Ekiben (駅弁)

Ekiben is a box lunch mainly sold at a railway station. Specifically, Ekiben means a box lunch sold exclusively in specific stations, railways or regions. The word 'Ekiben' is an abbreviation of 'Eki-bento' or 'Eki-uri-bento' (both means a box lunch sold at a railway station).

Although the scene selling a light meal within station precincts is not limited to Japan, 'a box lunch'-styled light meal, which is made by stuffing one meal into a box and so on, is rare in the western countries. The image of the word "Ekiben" has changed with times.
Refer to the section of "Definition of Ekiben" for the meaning of the word 'Ekiben.'

Origin

A long-distance movement forced people to stay on a train for a long time. People needed meals when they were on the train at mealtimes. Therefore, it was invented to sell box lunches at stations.

There are various theories as to which station sold the first Ekiben in Japan. There is no fixed theory. The theory is widely believed that 'Shirokiya Inn' sold the first Ekiben--two rice balls and a few slices of pickled daikon radish wrapped by a sheet of bamboo bark-- at the newly opened Utsunomiya Station of Nippon Railway on July 16, 1885 (refer to the section of "The memorial day of Ekiben" and "The day of Ekiben"). However, through the investigation and study conducted later, some people indicated the existence of other stations which had sold Ekiben earlier than the Utsunomiya Station. Therefore, "the Utsunomiya theory" (theory that the first Ekiben was sold at the Utsunomiya Station) is effectively denied these days. For instance, Takasaki Bento Co.,Ltd. insists that it sold "Onigiri Bento" (lunch box with rice ball) at Takasaki Station in 1884. There are also other theories on where and when the first Ekiben was sold, such as that it was sold at Osaka Station in around 1877, at Kobe Station in Hyogo Prefecture in the same year, at Tsuruga Station in 1882, at Ueno Station in 1883, and so on.

It is believed that Maneki Shokuhin Co.,Ltd. first sold the current style of Ekiben using a small lunch box at Himeji Station in 1890.

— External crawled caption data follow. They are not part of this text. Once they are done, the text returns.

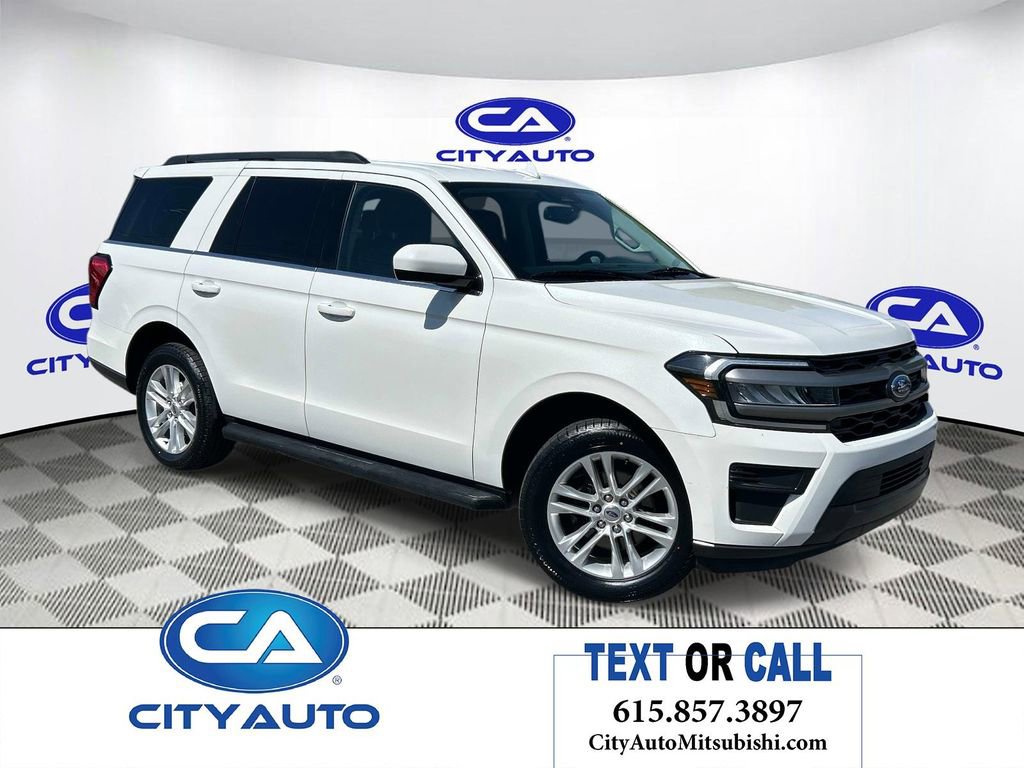 Used 2024 Ford Expedition XLT image 1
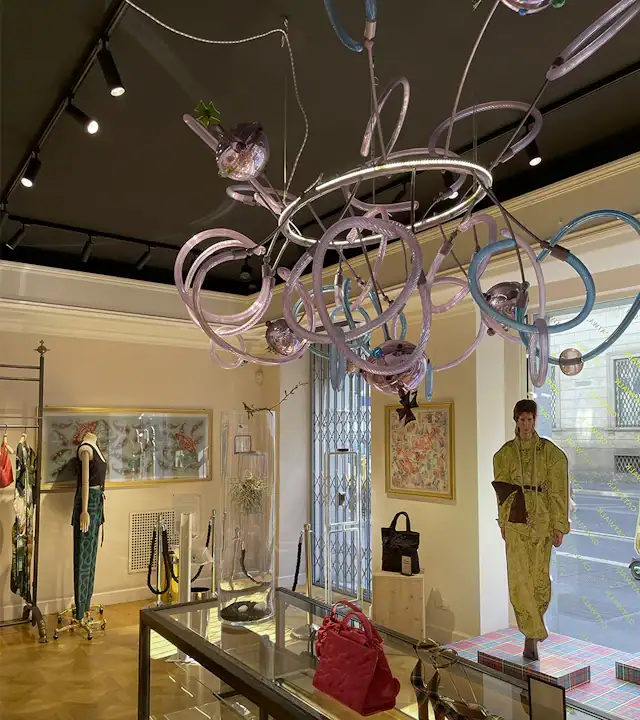 Vivienne Westwood lắp đặt WiSpeak
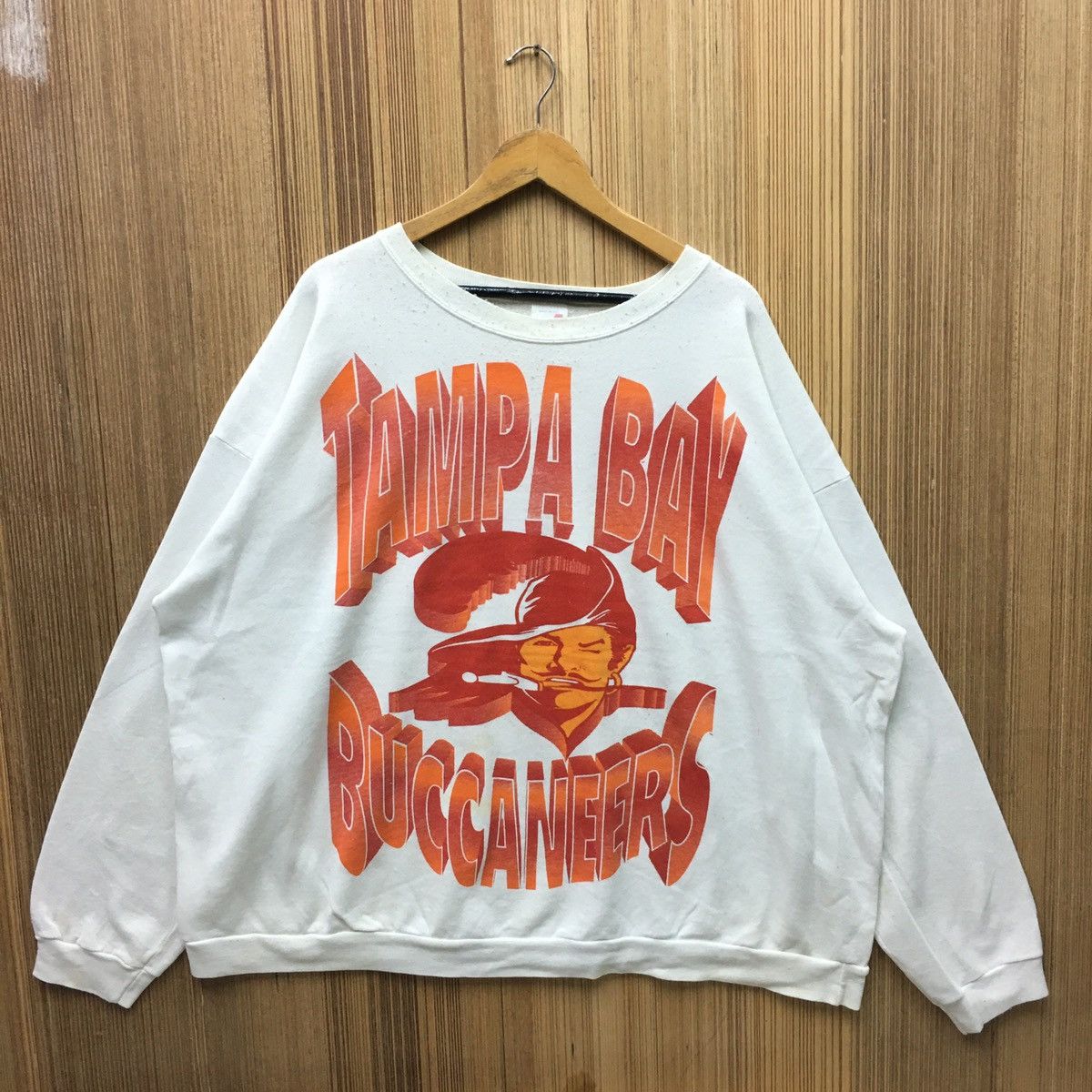 MLB × NFL × Vintage Vintage Tampa Bay Buccaneers NFL Football Team Sweatshirt Size US XXL / EU 58 / 5 - 1 Thumbnail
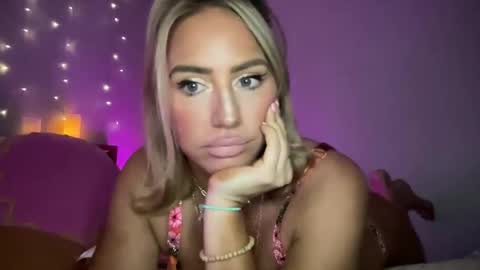 Snapshot of sexygoodvibebabe69 chatting on December 2024 11:30:02 AM Ashley Love online show from December 2024 11:30:02 AM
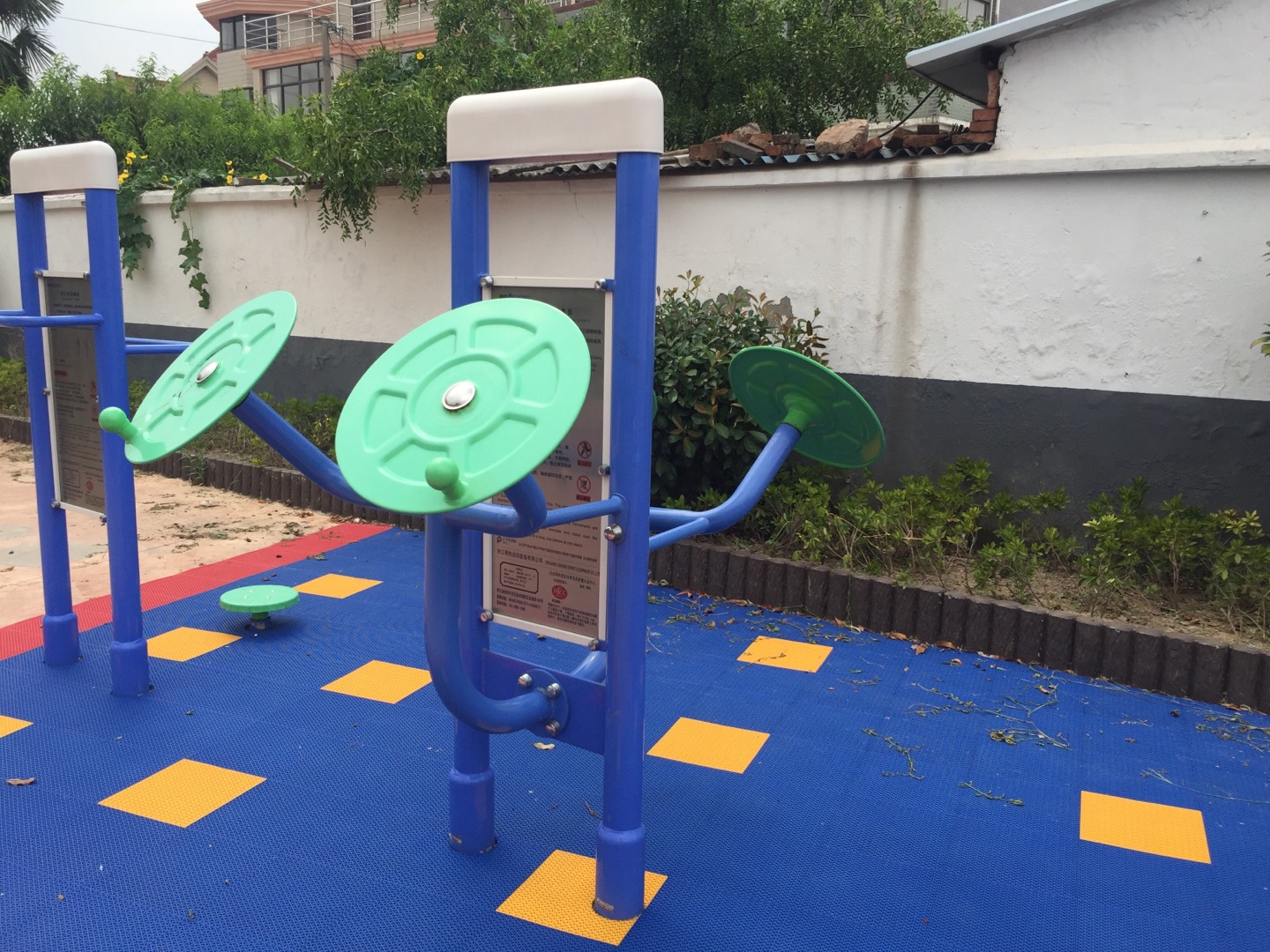 雙立柱太極揉推器 雙立柱太極揉推器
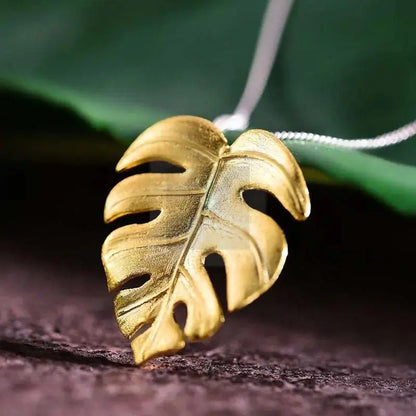 Monstera Leaf Pendant - Uniquely You Online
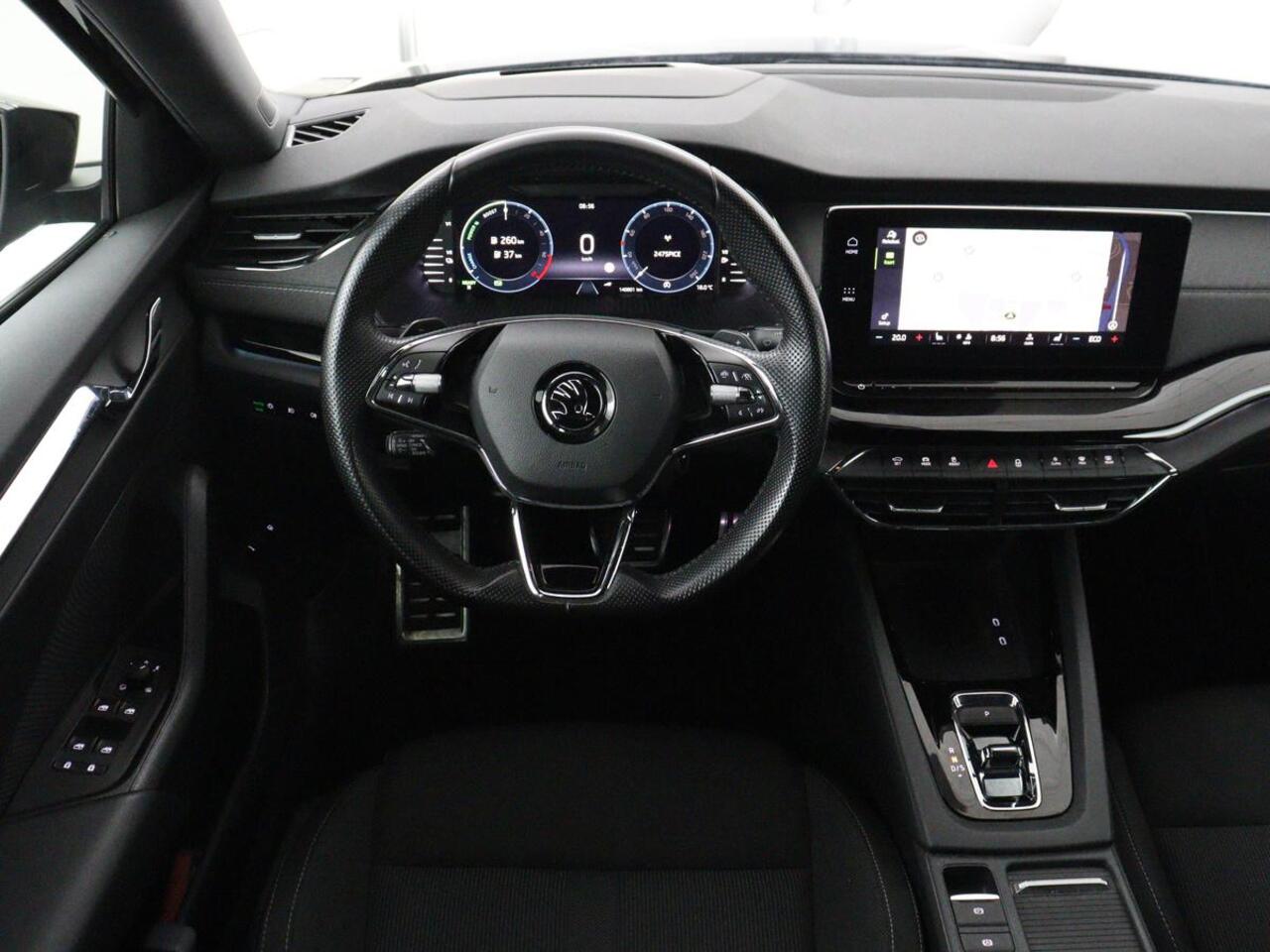 Skoda OCTAVIA 1.4 TSI iV PHEV Sportline | SOH 92% | Head-Up | Adaptive Cruise | Carplay | Stoelverwarming | Side Assist | Memory | Navigatie | Full LED | Sfeerverlichting | Canton Sound | PHEV | Plug In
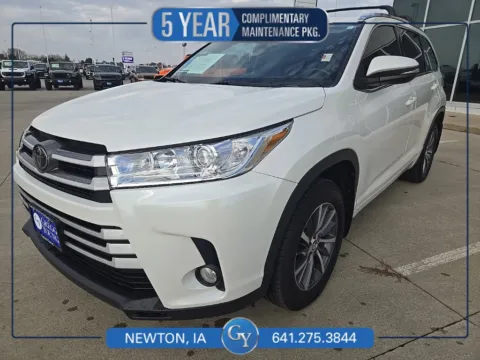 White 2018 Toyota Highlander XLE for sale in Newton, IA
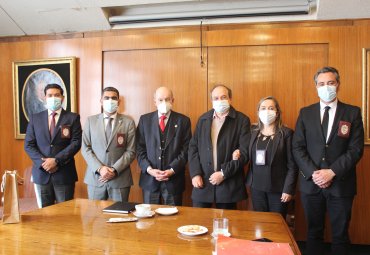 Rector PUCV sostiene reuniones con autoridades regionales y provinciales de la Policía de Investigaciones de Chile - Foto 3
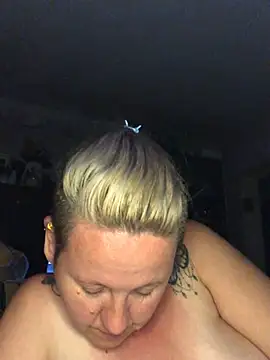 Snapshot of SofiaAmour chatting on August 5, 2026, 7:17 pm SofiaAmour online show from August 5, 2026, 7:17 pm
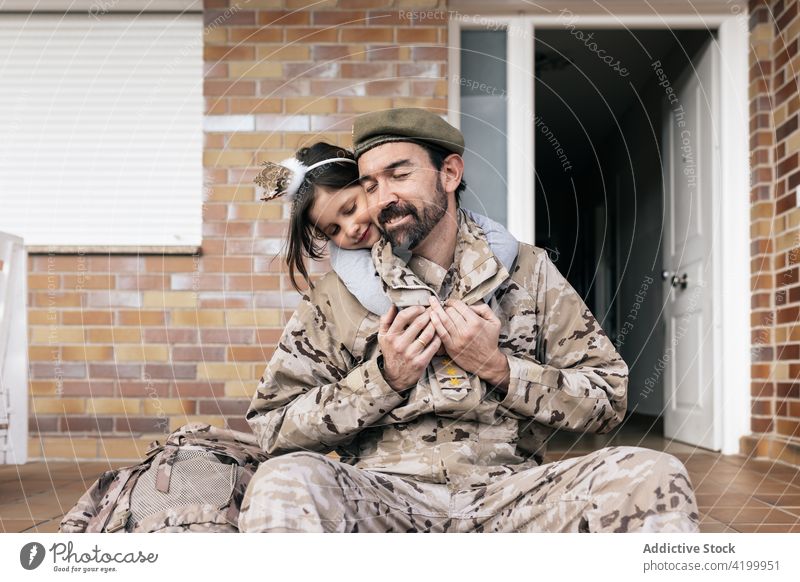 Mädchen umarmt Militärmann nach Heimkehr Tochter Vater Umarmung warten Soldat ankommen Liebe Kind Mann männlich Haus Uniform Eltern Zusammensein Kindheit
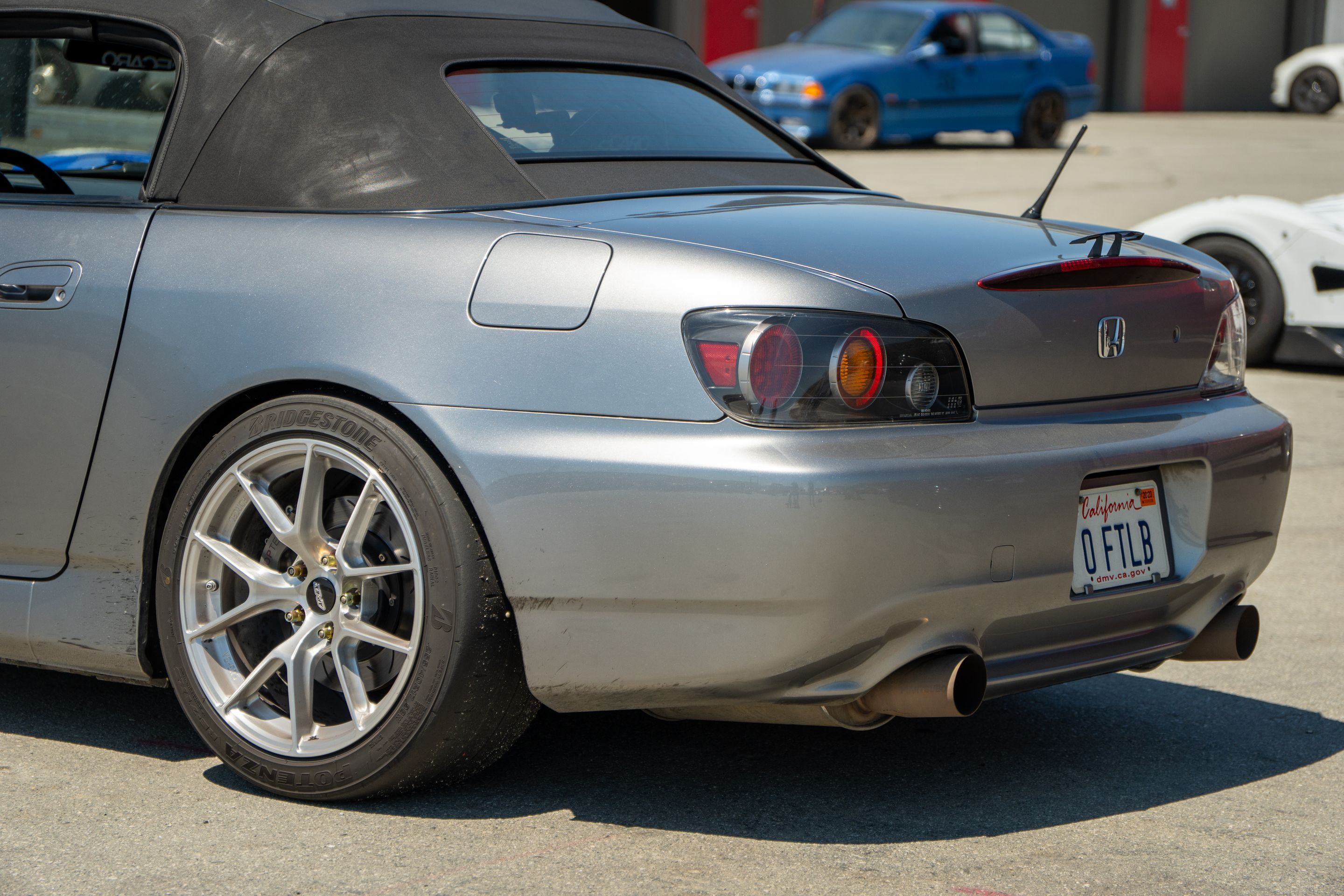 Silver Honda S2000 with 17" VS-5RS Apex wheels in Brushed Clear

Using a dining car is another method to take a meal on the train. Dining cars were first introduced in Japan by Sanyo Railway Company in 1899, which was later than the birth of Ekiben.

"The memorial day of Ekiben" and "The day of Ekiben"

The day July 16, which is believed that the first Ekiben was sold under "the Utsunomiya theory," is designated as 'The memorial day of Ekiben.'
Large numbers of literature and web sites referred to "the Utsunomiya theory" when they introduced this memorial day. As mentioned above, however, designating July 16 as 'the day when the Ekiben was first sold' is based on a document compiled after more than 70 years had passed. Practically, it is not too much to say that it has almost become an urban legend.

Then, April 10 was newly designated as 'The day of Ekiben' in 1993, replacing 'The memorial day of Ekiben.'
April is written as "4月"(the fourth month) and the figure 10 is written as "十" in Japanese. When these two figures "4" and "十" are arranged and combined lengthways, the newly created figure looks like '弁,' which is a Chinese character applied to "Ekiben"(駅弁).
This is the reason why the day April 10 was chosen as 'The day of Ekiben.'

How is the Ekiben sold?

Ekiben is most commonly sold over the counter at shops managed by Ekiben delicatessens which were established outside the ticket barrier or on the platform. In addition to the shops managed by Ekiben delicatessens, shops managed by standing-up-eating soba/udon noodle shops, kiosk, etc. sometimes sell Ekiben in stations.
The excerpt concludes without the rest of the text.